The records below are to be reproduced exactly, and no picture should appear in the copy.

▸ **Exercise data**
===

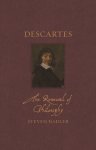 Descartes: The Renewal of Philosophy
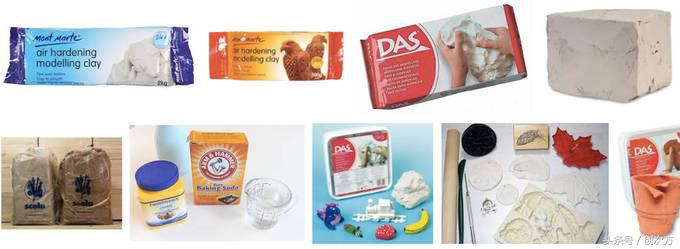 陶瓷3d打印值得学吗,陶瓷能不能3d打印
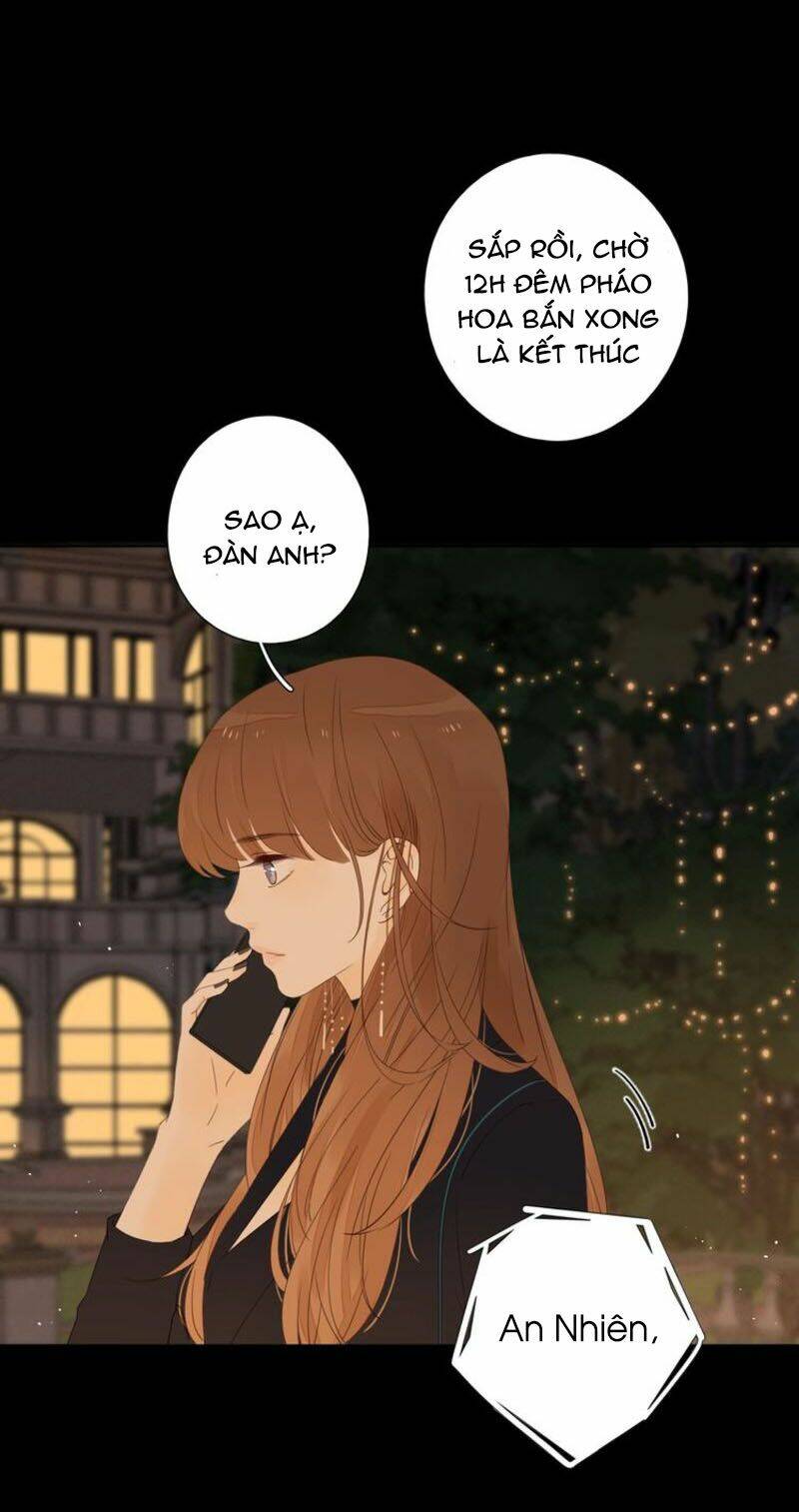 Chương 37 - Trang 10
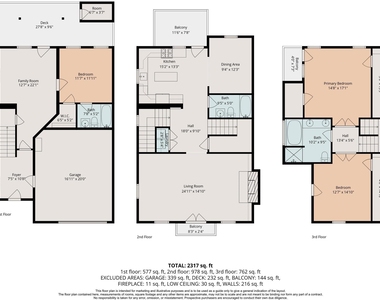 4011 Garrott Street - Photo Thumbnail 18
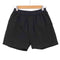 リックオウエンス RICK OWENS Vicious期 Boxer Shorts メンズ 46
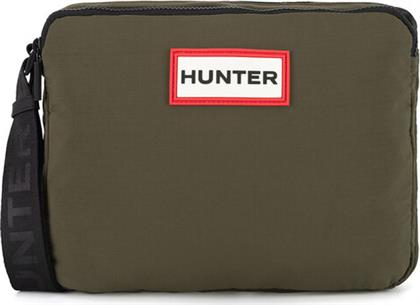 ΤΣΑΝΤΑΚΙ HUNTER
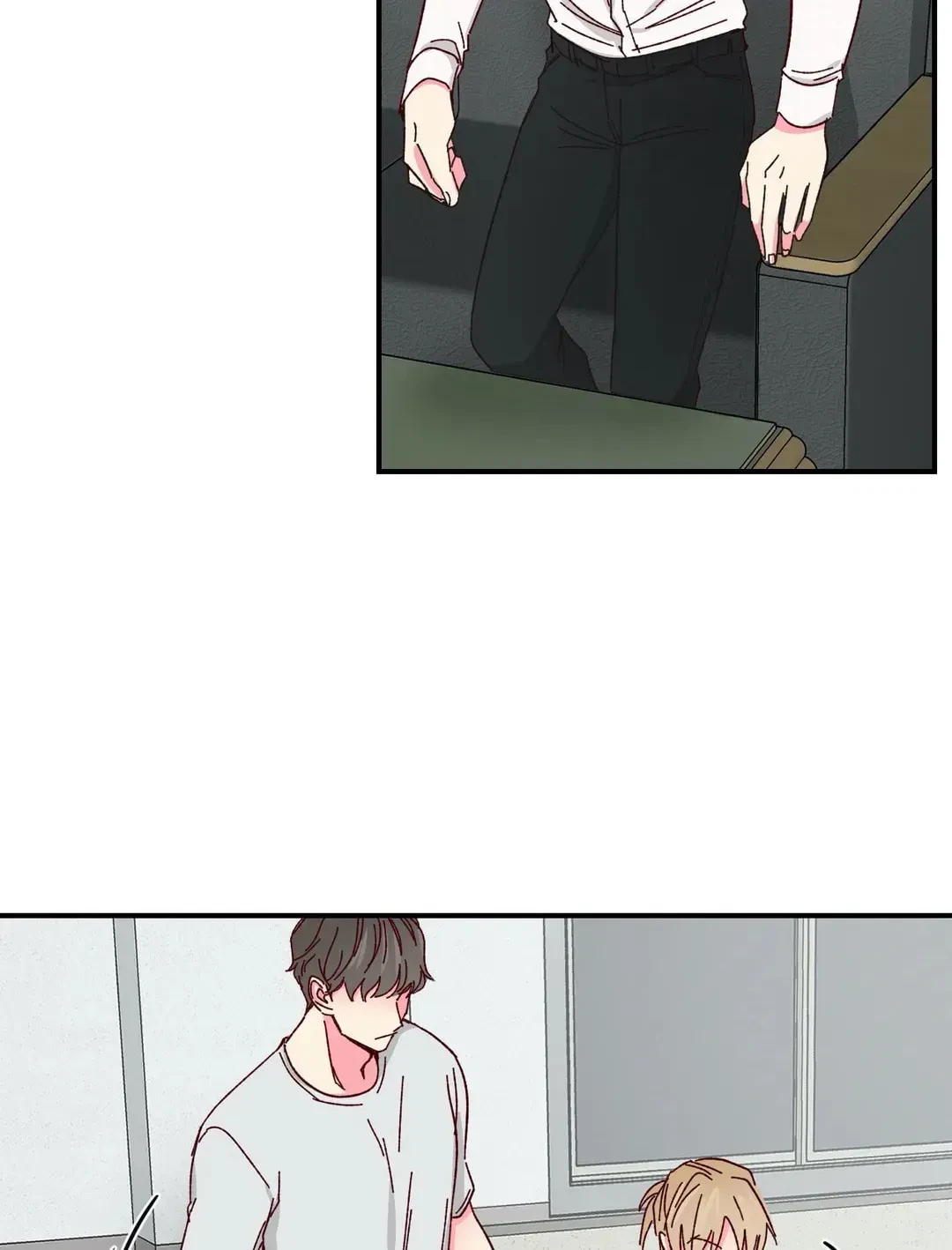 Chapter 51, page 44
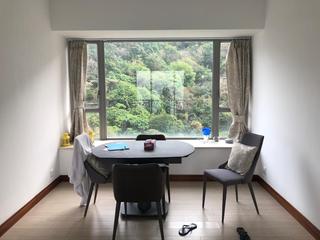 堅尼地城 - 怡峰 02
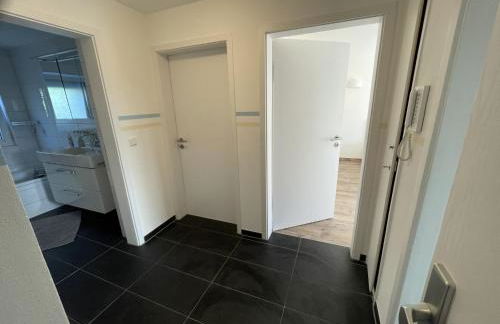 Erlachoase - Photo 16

===

▸ **Response to this task**
 Descartes: The Renewal of Philosophy
 陶瓷3d打印值得学吗,陶瓷能不能3d打印
 Chương 37 - Trang 10
 4011 Garrott Street - Photo Thumbnail 18
 リックオウエンス RICK OWENS Vicious期 Boxer Shorts メンズ 46
 ΤΣΑΝΤΑΚΙ HUNTER
 Chapter 51, page 44
 堅尼地城 - 怡峰 02
 Erlachoase - Photo 16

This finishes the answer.